Required work:
Nothing but the lines below between the line holding "Yahoo! Sports analyst" and the line holding "Bicicleta de Carretera", inclusive, should appear in the answer, each set down exactly.

------ Exercise inputs

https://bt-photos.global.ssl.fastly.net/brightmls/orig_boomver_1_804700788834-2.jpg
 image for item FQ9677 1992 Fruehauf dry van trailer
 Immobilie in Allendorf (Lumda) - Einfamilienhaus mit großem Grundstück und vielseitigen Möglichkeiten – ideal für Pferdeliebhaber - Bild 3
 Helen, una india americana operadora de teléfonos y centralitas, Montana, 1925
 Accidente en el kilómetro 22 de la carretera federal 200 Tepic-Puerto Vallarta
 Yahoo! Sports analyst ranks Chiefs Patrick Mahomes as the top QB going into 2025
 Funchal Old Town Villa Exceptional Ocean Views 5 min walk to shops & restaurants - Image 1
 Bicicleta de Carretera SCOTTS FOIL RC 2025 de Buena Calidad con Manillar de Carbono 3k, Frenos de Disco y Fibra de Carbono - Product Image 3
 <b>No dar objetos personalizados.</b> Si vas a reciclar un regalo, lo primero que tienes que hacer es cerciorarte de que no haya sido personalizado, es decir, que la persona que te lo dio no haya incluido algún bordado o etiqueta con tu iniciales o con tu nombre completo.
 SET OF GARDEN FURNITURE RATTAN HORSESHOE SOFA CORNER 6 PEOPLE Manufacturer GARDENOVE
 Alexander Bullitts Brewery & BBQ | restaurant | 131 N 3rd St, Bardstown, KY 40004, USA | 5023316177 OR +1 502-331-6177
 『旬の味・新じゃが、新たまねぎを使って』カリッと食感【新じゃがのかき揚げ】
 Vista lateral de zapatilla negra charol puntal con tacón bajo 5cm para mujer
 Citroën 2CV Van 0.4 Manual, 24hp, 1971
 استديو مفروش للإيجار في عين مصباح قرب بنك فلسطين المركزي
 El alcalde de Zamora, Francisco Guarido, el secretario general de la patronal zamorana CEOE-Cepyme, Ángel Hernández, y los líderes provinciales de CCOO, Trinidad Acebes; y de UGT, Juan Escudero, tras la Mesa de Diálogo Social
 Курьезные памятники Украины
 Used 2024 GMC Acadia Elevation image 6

------------

Result below:
 Yahoo! Sports analyst ranks Chiefs Patrick Mahomes as the top QB going into 2025
 Funchal Old Town Villa Exceptional Ocean Views 5 min walk to shops & restaurants - Image 1
 Bicicleta de Carretera SCOTTS FOIL RC 2025 de Buena Calidad con Manillar de Carbono 3k, Frenos de Disco y Fibra de Carbono - Product Image 3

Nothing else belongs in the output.